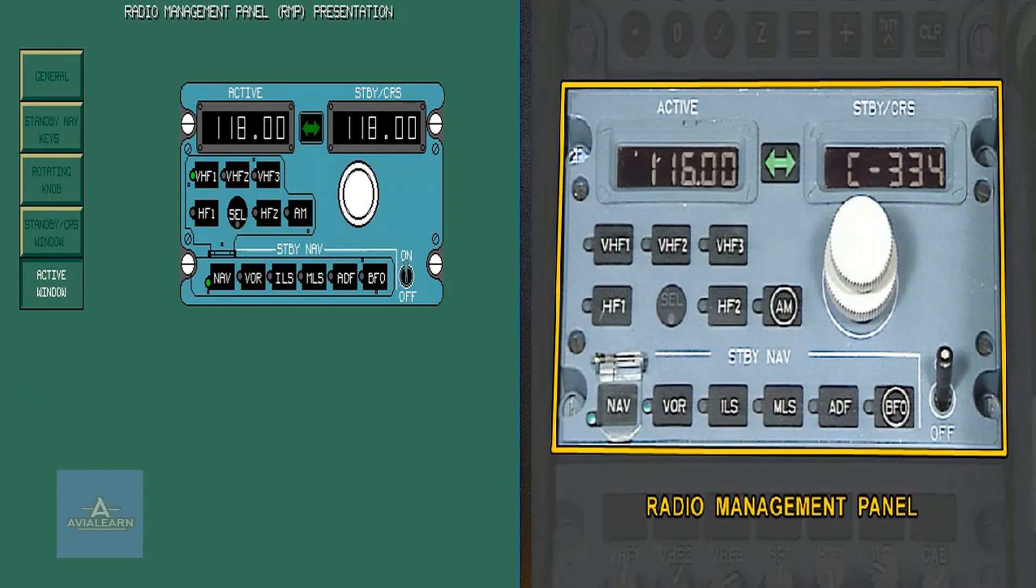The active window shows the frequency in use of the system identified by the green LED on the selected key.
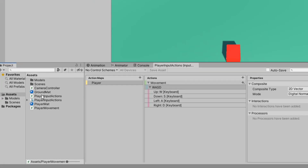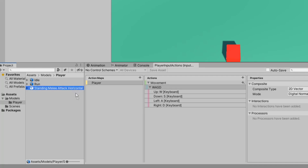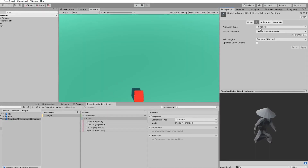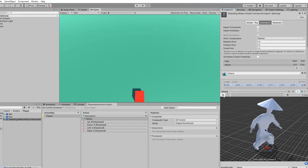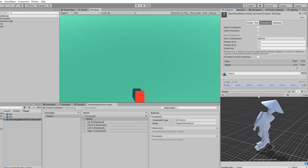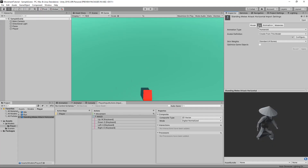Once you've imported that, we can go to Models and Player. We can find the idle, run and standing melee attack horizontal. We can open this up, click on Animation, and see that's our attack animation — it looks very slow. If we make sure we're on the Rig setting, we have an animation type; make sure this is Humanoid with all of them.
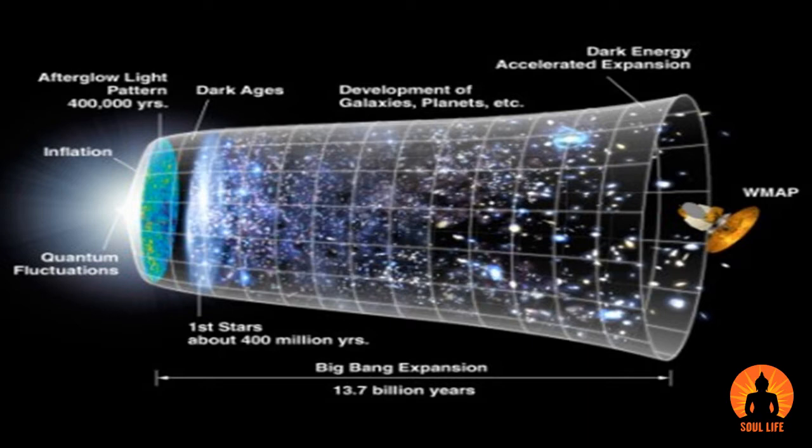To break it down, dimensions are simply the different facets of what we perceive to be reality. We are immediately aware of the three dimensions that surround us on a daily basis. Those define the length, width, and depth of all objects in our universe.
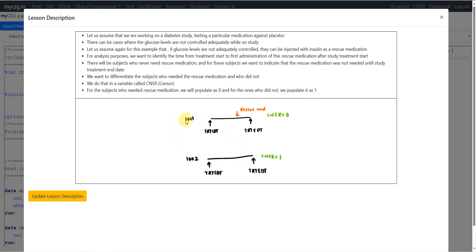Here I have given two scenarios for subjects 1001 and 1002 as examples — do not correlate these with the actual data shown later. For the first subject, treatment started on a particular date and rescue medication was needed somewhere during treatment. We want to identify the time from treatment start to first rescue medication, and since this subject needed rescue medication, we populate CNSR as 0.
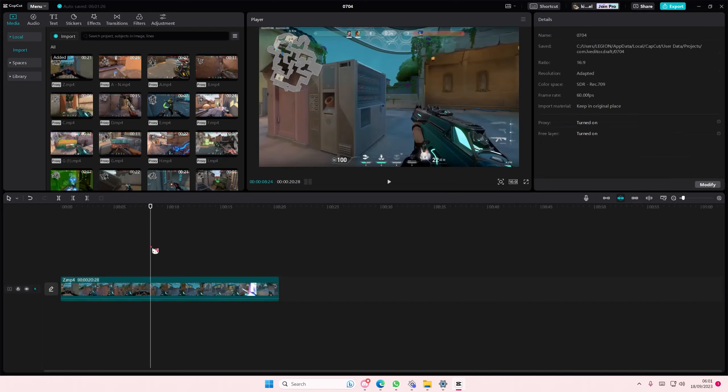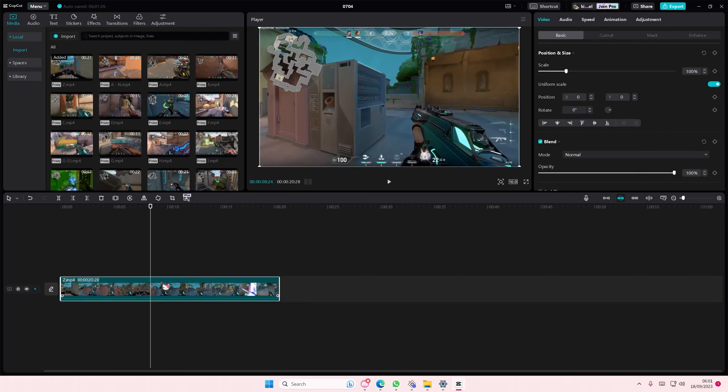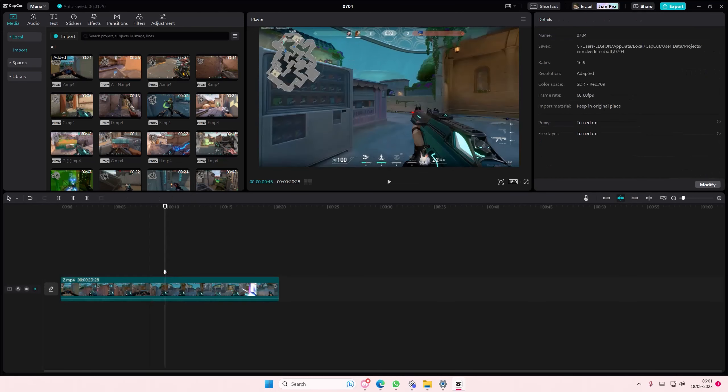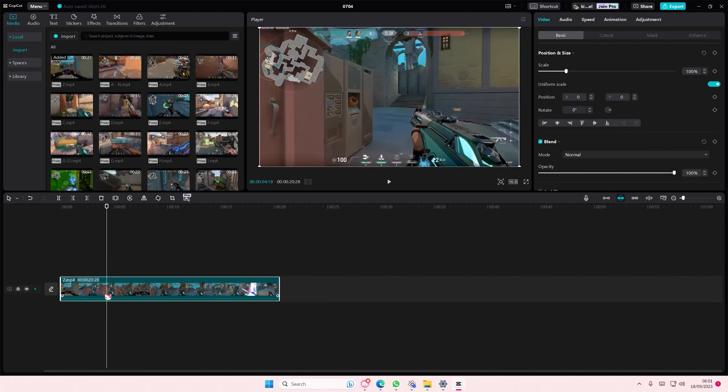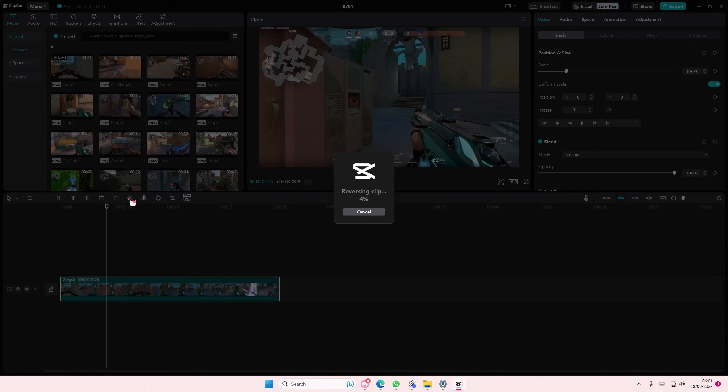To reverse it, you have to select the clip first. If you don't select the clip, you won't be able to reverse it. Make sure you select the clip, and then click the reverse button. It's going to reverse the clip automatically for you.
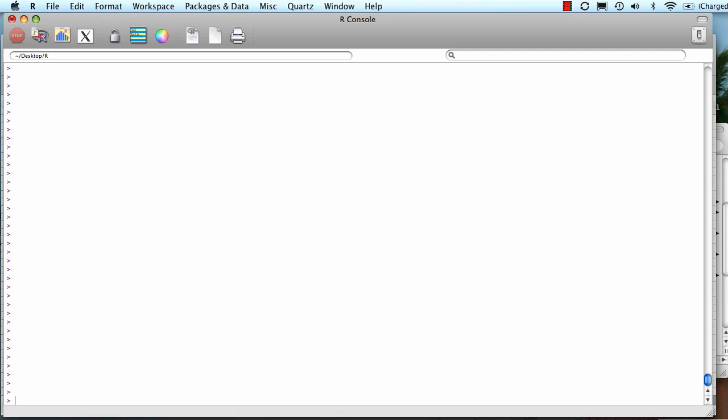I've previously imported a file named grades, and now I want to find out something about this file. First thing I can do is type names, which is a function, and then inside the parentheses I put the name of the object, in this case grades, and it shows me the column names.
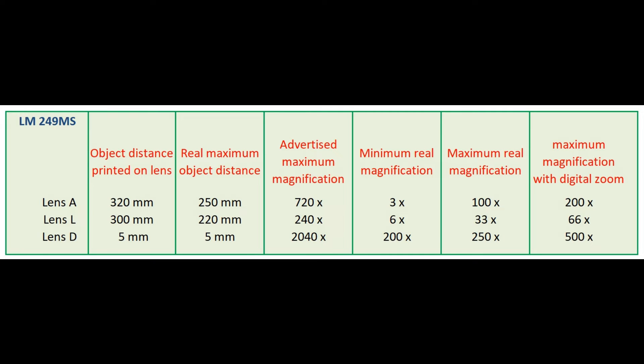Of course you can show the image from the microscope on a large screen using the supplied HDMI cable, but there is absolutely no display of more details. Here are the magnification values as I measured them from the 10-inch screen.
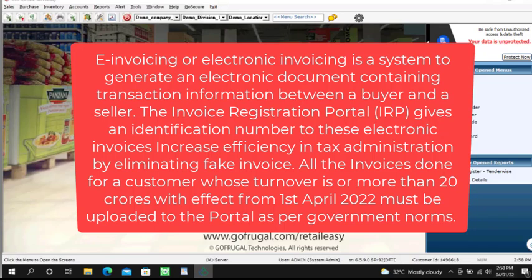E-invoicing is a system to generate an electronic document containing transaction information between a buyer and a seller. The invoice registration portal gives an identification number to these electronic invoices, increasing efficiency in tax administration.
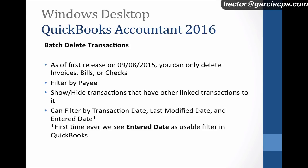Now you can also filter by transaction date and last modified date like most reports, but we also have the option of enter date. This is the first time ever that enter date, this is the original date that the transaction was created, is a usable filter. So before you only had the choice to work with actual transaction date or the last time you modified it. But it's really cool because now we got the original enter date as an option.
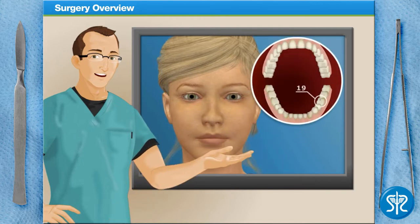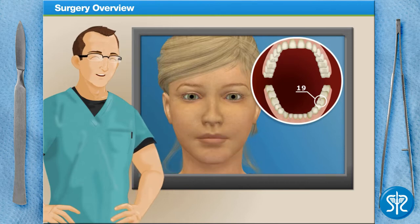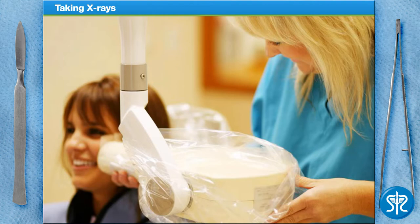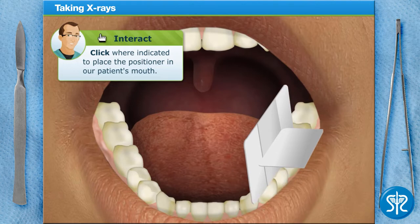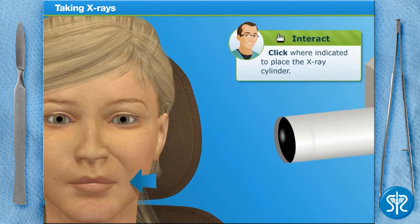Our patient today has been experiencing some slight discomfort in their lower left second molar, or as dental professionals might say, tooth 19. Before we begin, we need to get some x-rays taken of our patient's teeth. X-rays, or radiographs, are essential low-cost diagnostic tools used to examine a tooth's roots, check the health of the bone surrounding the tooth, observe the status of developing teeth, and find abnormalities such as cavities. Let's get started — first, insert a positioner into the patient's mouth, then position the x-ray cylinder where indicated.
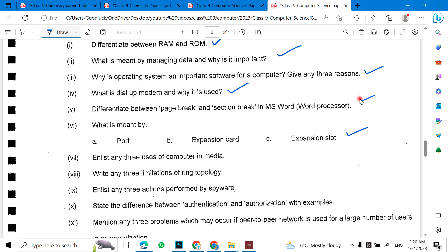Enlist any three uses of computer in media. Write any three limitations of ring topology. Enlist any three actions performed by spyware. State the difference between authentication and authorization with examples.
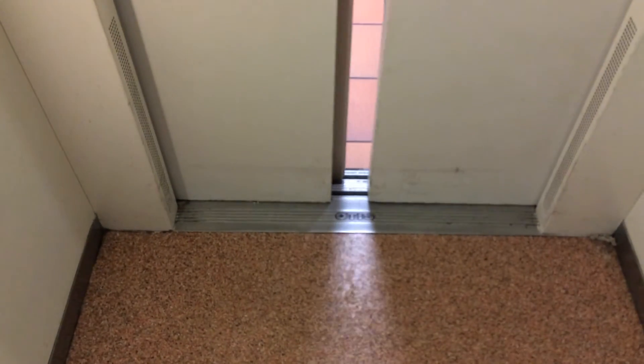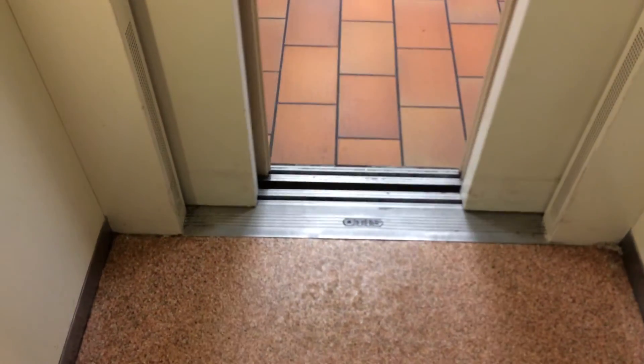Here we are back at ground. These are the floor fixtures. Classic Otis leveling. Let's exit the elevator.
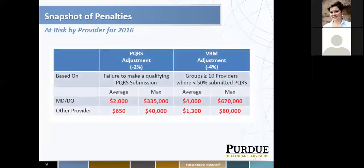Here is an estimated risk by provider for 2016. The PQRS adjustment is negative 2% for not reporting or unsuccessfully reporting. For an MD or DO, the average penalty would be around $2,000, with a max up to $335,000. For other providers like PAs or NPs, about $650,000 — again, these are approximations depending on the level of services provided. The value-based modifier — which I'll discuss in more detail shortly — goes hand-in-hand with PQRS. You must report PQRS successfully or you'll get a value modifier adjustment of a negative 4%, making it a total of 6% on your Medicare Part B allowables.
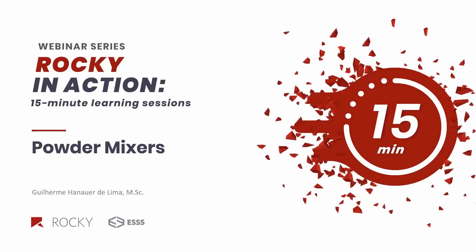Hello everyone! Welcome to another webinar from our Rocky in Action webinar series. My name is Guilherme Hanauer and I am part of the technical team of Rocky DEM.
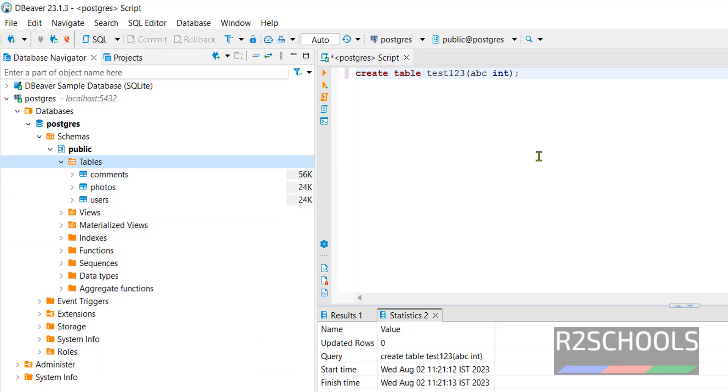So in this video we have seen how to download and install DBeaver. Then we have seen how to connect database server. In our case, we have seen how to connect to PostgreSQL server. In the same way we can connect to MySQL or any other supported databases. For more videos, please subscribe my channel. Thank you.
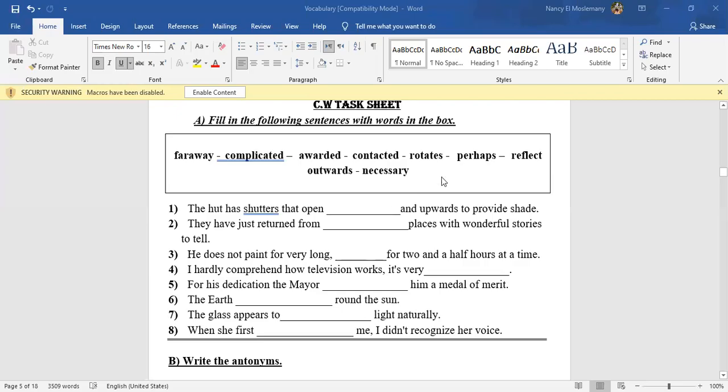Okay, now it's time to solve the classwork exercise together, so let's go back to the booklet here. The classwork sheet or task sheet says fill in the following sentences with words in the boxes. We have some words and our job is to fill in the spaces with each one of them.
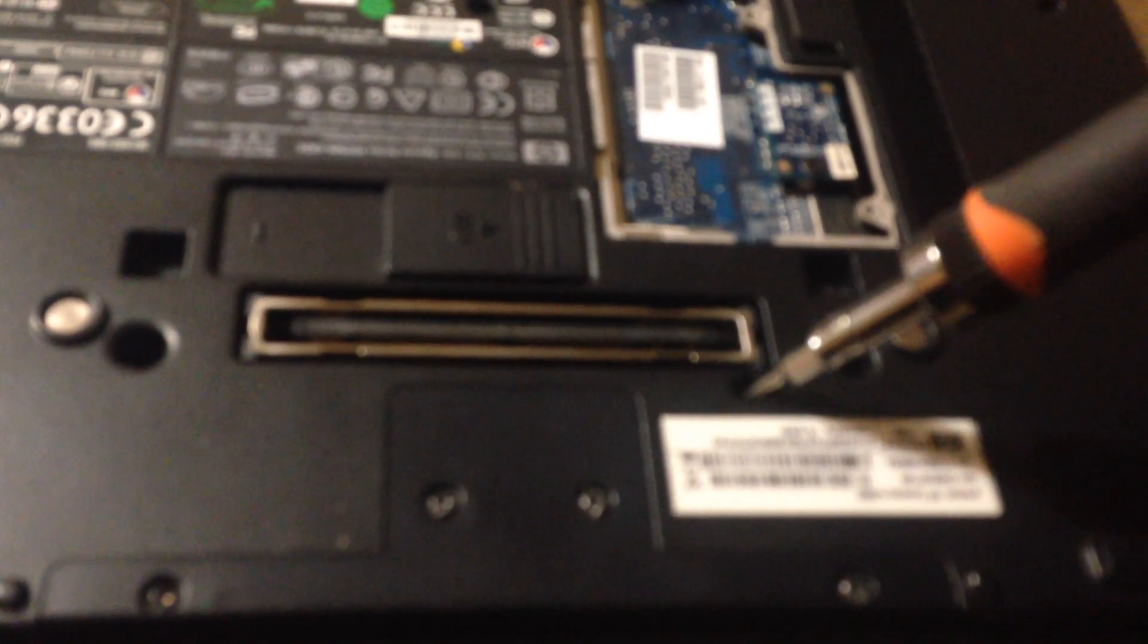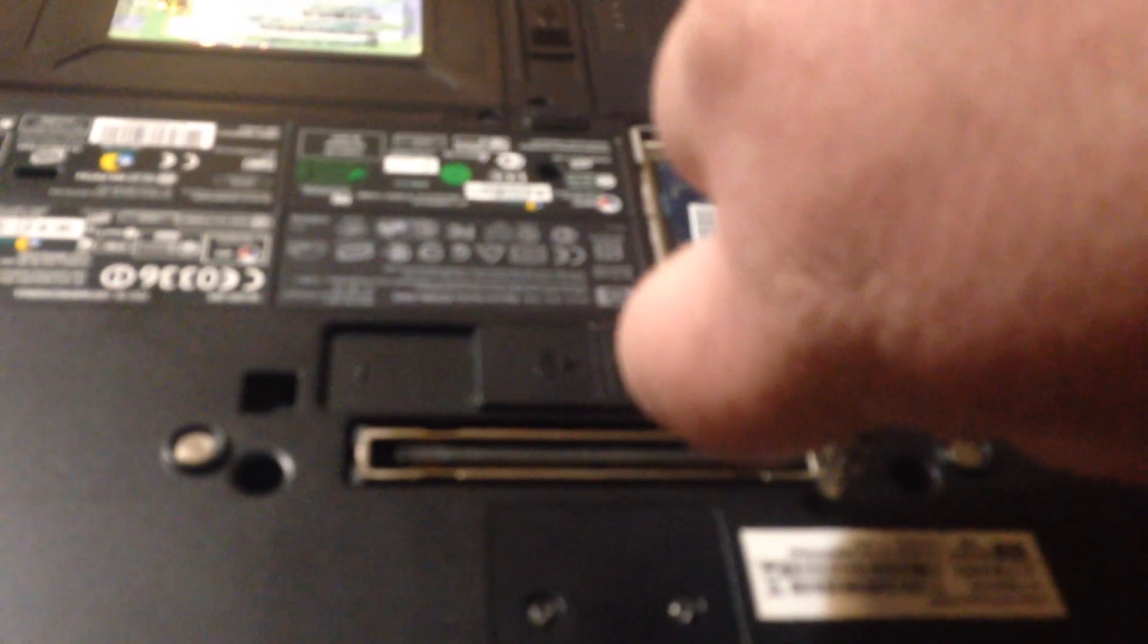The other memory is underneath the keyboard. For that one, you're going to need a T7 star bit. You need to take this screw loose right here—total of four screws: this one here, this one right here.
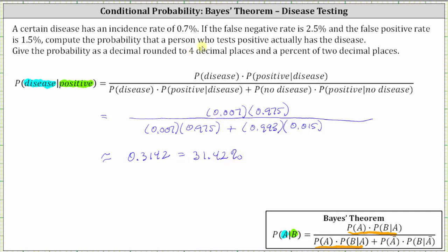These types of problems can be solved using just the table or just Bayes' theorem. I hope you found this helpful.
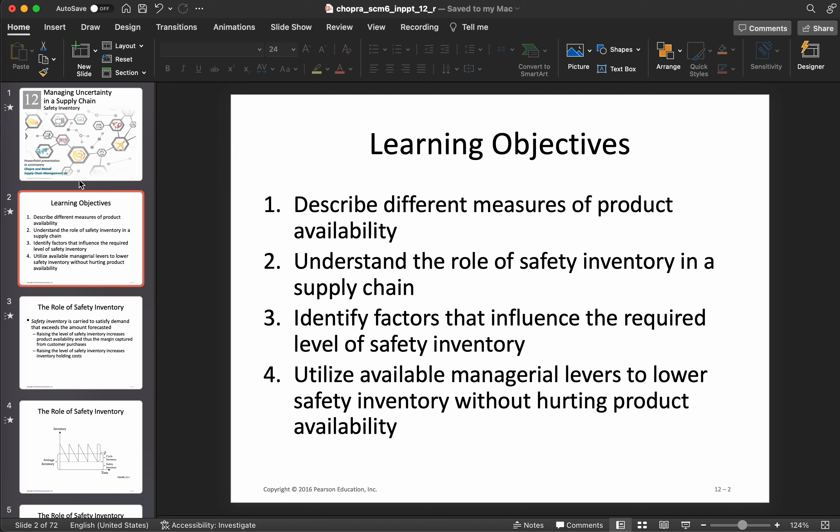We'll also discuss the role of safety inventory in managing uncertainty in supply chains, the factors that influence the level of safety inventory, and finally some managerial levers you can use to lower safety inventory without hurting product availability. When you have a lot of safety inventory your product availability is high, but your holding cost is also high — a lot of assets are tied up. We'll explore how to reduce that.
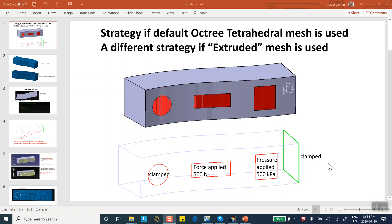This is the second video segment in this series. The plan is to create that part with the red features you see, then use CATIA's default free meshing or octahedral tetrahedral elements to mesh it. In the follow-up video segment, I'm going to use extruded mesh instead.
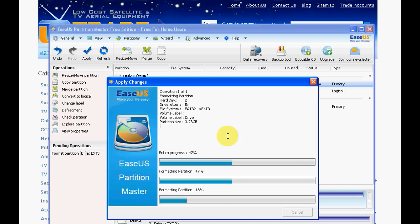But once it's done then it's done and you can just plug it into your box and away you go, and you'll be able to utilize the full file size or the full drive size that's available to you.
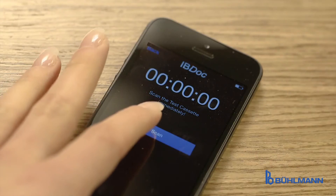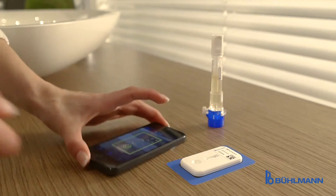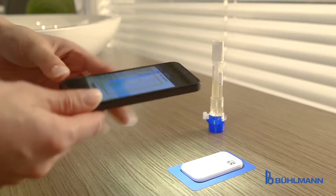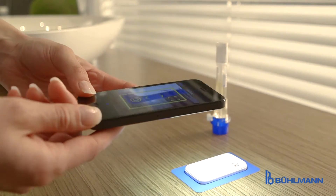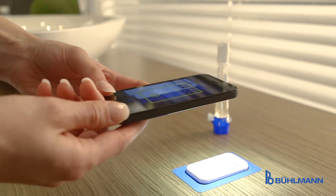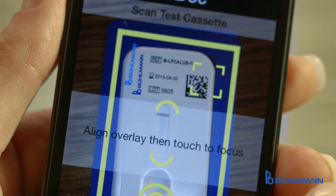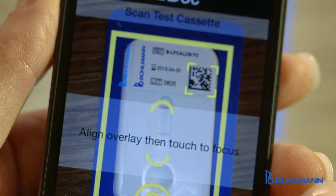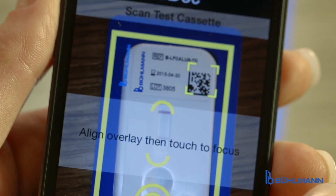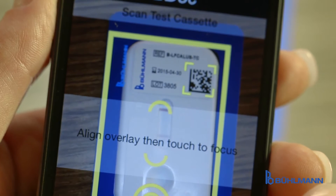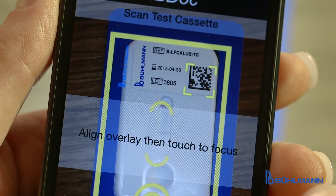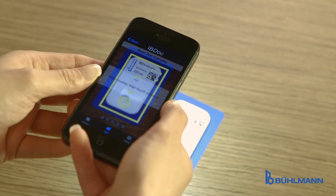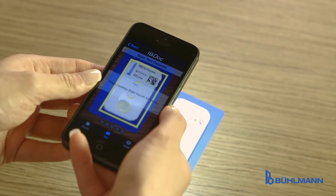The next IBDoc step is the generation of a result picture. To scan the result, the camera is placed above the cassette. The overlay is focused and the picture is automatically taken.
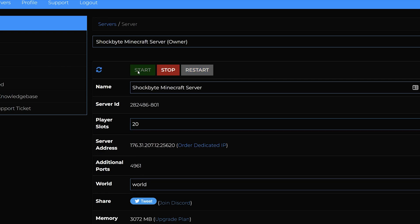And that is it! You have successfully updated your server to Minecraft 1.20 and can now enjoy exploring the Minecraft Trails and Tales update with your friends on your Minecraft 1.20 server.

◆ ◆ ◆ ◆ ◆

WHAT YOU ARE ASKED TO DO -
What do the lines above say from the line containing "The next IBDoc" through the last line? Quote them exactly, both ends included, and leave out the pictures.

TASK RESULT -
The next IBDoc step is the generation of a result picture. To scan the result, the camera is placed above the cassette. The overlay is focused and the picture is automatically taken.
And that is it! You have successfully updated your server to Minecraft 1.20 and can now enjoy exploring the Minecraft Trails and Tales update with your friends on your Minecraft 1.20 server.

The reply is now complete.